Interview mit "Monitor"-Chef Georg Restle: „Politiker gehen lieber in Talkshows“

Das Polit-Magazin „Monitor“ wird 50: Magazinchef Georg Restle über Journalismus, Spindoktoren und die „heute-show“.

Herr Restle, war früher alles besser?
Bei „Monitor“? Nein. Wir sind heute zum Beispiel in der Themenauswahl politisch viel breiter und auch viel globaler aufgestellt als früher.

Aber fehlen nicht Typen wie Franz Josef Strauß, an denen man sich abarbeiten konnte?

Es geht gar nicht nur um die Typen. Das Hauptproblem ist, dass Politiker heute fast nur noch versuchen, PR-Botschaften zu platzieren, und sich nicht mehr dem gesellschaftlichen Diskurs stellen.

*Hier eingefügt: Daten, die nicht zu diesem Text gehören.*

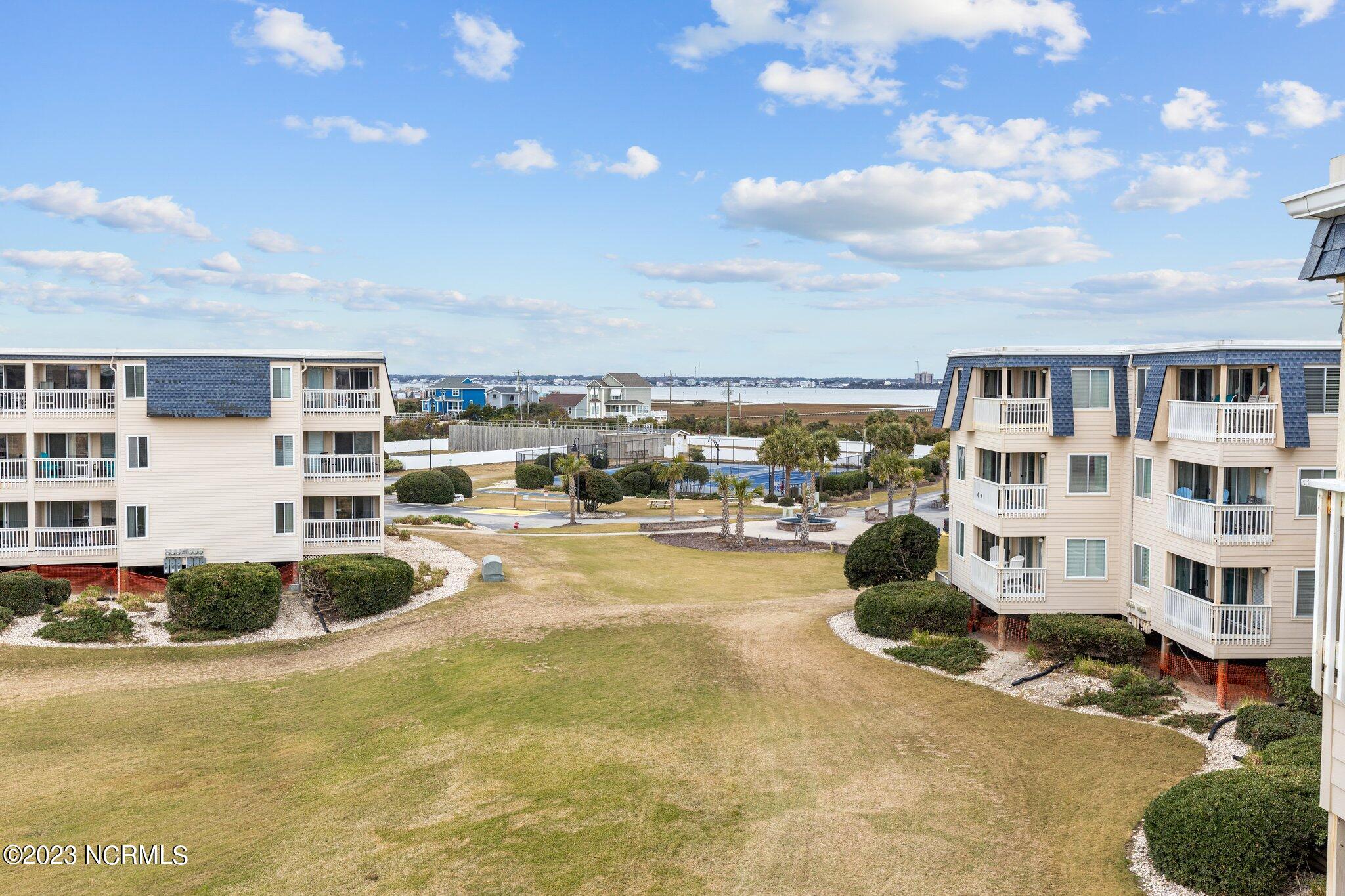 1904 E Fort Macon Road 386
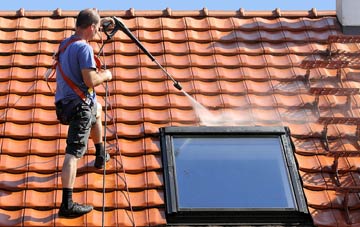 roof cleaning Llangyniew, Powys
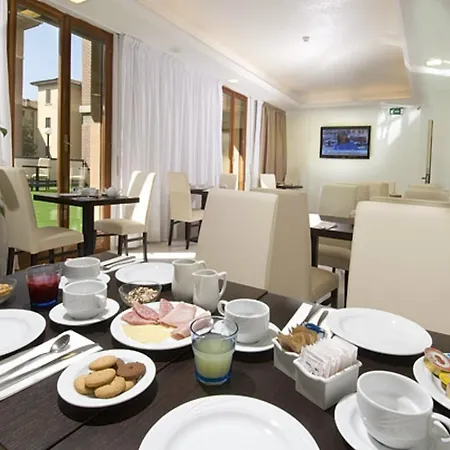 伊利特套房酒店 4* 博洛尼亚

Politiker gehen bei uns nicht mehr ins Interview, sondern lieber in eine Talkshow. Sie erweisen damit der Demokratie einen Bärendienst, weil die Gleichförmigkeit der Botschaften am Ende ermüdet und dies bei breiten Schichten der Bevölkerung zur Abkehr von Politik führt.

Kann es sein, dass sich Politiker heute mehr vor der „heute-show“ als vor „Monitor“ fürchten?

Nein, das glaube ich nicht. Die „heute-show“ betreibt keinen investigativen Journalismus, generiert keine eigenen Themen, sondern bedient sich bei uns. Wir liefern die Rohmasse. Und was wir aufdecken, spielt in der Politik dann doch eine große Rolle. Zum Beispiel der Atomdeal zwischen der hessischen Landesregierung und RWE, den wir dieses Jahr aufgedeckt haben. Das beschäftigt heute sehr intensiv einen Untersuchungsausschuss in Hessen und auch die Regierungskoalition in Berlin. Oder unser Beitrag über den alltäglichen Rassismus in deutschen Ausländerbehörden. Den hat sogar die „heute-show“ übernommen.

Täuscht der Eindruck, dass Ihr Team immer weiter fleißig aufdeckt, aber immer weniger Resonanz schafft?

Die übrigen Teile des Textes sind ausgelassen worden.